### EXERCISE
What is needed is an exact copy of the data below, pictures excluded.

### DATASET RECORDS
──────────
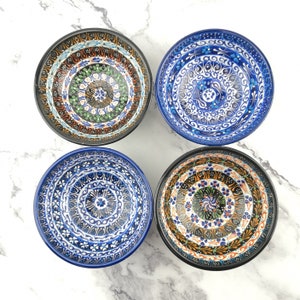 May include: Four ceramic bowls with intricate blue, green and orange patterns. The bowls have a black rim and are ideal for serving snacks or desserts.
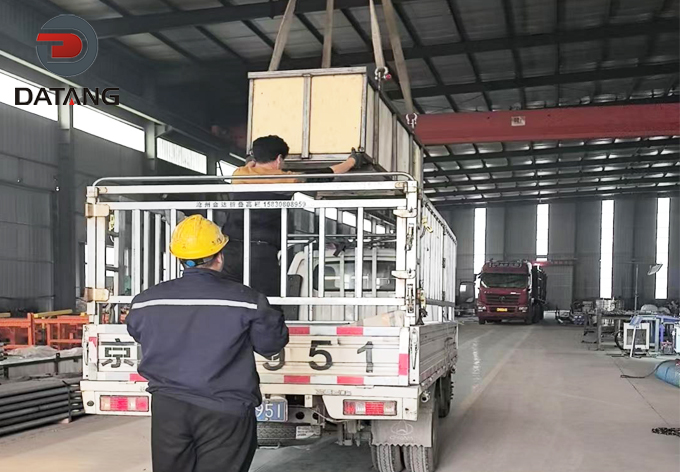 Loading heavy-duty wooden crates of laser welded finned tubes onto trucks at Datang factory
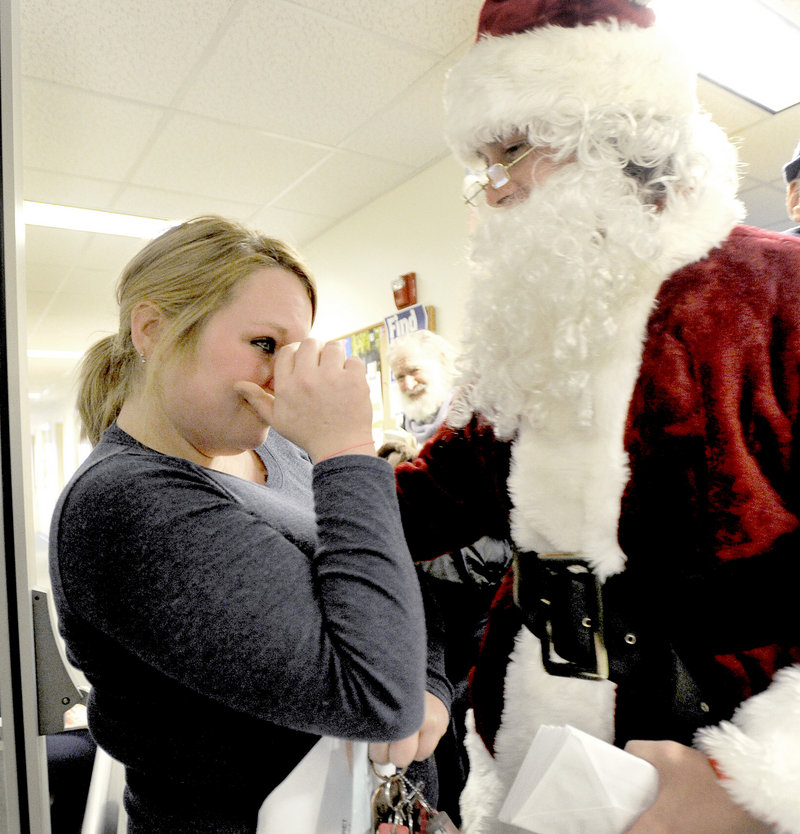 Missy Knight from Lisbon Falls wipes away a tear after receiving a $100 bill from Secret Santa’s assistant at the Mid Coast Hunger Prevention Program in Brunswick on Wednesday.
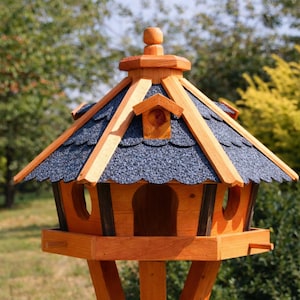 Könnte beinhalten: Ein hölzernes Vogelhaus mit mehrstöckigem Design. Das Dach ist mit dunkelblauen Schindeln bedeckt und wird von hellbraunen Holzbalken getragen. Das Vogelhaus hat eine runde Öffnung und eine kleine Sitzstange. Die Struktur besteht aus hellbraunem Holz.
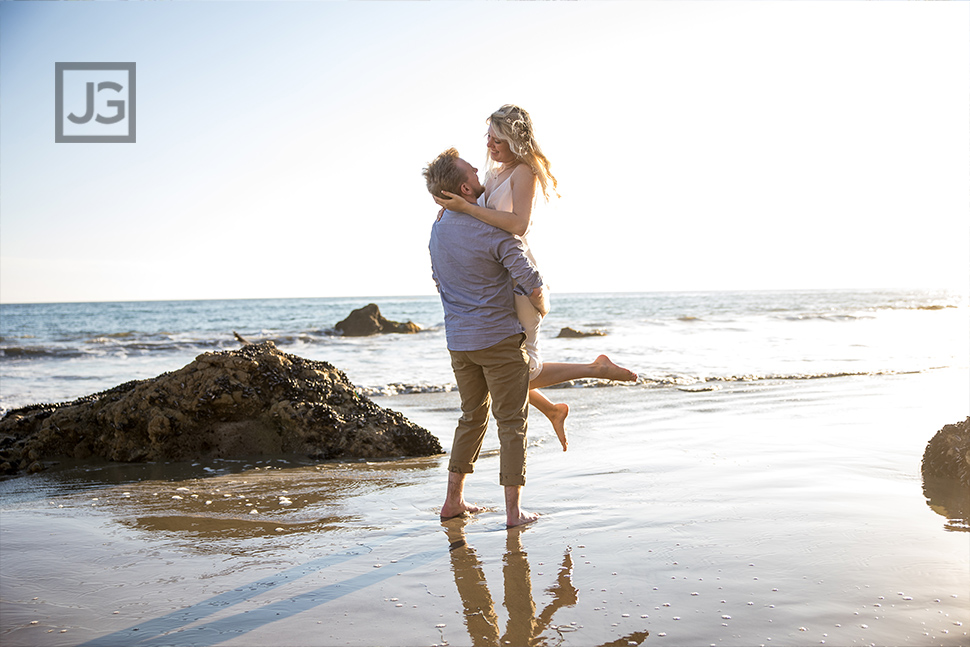 Picking her up engagement photo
──────────
### TASK SOLUTION
 May include: Four ceramic bowls with intricate blue, green and orange patterns. The bowls have a black rim and are ideal for serving snacks or desserts.
 Loading heavy-duty wooden crates of laser welded finned tubes onto trucks at Datang factory
 Missy Knight from Lisbon Falls wipes away a tear after receiving a $100 bill from Secret Santa’s assistant at the Mid Coast Hunger Prevention Program in Brunswick on Wednesday.
 Könnte beinhalten: Ein hölzernes Vogelhaus mit mehrstöckigem Design. Das Dach ist mit dunkelblauen Schindeln bedeckt und wird von hellbraunen Holzbalken getragen. Das Vogelhaus hat eine runde Öffnung und eine kleine Sitzstange. Die Struktur besteht aus hellbraunem Holz.
 Picking her up engagement photo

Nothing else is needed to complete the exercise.